The incentives behind a customer needing to spend their capex budget before the end of the year is best illustrated with an example. Imagine you are a purchasing manager for a large energy company and you have been given a budget for $20M to purchase supply ships and coming into Q4 you have only spent $10M. You will most likely work to spend the remaining $10M on additional ships before year end to ensure that you will receive the same $20M budget in the following year. Furthermore, if you were given a budget of $20M and only spent $10M it begins to appear that you are not doing your job. You cannot have that. The money must be spent.
With this human behavior in mind I am relatively confident that Q4 will be a solid order generation quarter for Conrad.
Move into a Down Cycle Environment: As discussed ad nauseam by now, Q4 will be a very important indicator with regards to understanding if Conrad is moving into a down cycle environment. Should this shift occur, Conrad will most likely be impacted with lower topline and bottom line results which will in turn result in a lower share price unless the company's earnings multiple adjusts higher.
Liquidity: Liquidity is always more a trading risk than an investment risk in my eyes unless investors are entering or exiting positions that are many multiples of the current trading volume of 6,189 shares per day. In general if there are any large downward price movements based on blocks of shares going on sale then this merely signifies an opportunity to buy shares in Conrad at an even cheaper level.
It should go without saying that the low liquidity of the company's shares has nothing operationally to do with the company. Nevertheless investors must be cognizant of the possibility of large price swings based on larger than normal buy or sell orders.
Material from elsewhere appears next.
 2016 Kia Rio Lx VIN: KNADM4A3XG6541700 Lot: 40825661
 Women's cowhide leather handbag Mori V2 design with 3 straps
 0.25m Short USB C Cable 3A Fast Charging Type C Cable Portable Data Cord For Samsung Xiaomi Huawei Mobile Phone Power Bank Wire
Despite its low liquidity and small capitalization, Conrad continues to be one of the largest holdings in my portfolio. The management team continues to have plenty of skin in the game, maintains an extremely conservative balance sheet, and pays itself little in the way of normal compensation thereby ensuring that their priorities are completely aligned with their shareholders. The special dividends that have been paid over the past two years are a testament to this alignment.
Combining this shareholder friendly culture with a business that continues to grow its ability to generate an exorbitant amount of free cash flow makes this a company hard to criticize. While I will be watching Q4 results closely to determine if there has been any dramatic shift in the company's business cycle, I will most likely be buying on any significant dips in the share price.
Disclosure: I am long OTCPK:CNRD. I wrote this article myself, and it expresses my own opinions. I am not receiving compensation for it (other than from Seeking Alpha). I have no business relationship with any company whose stock is mentioned in this article.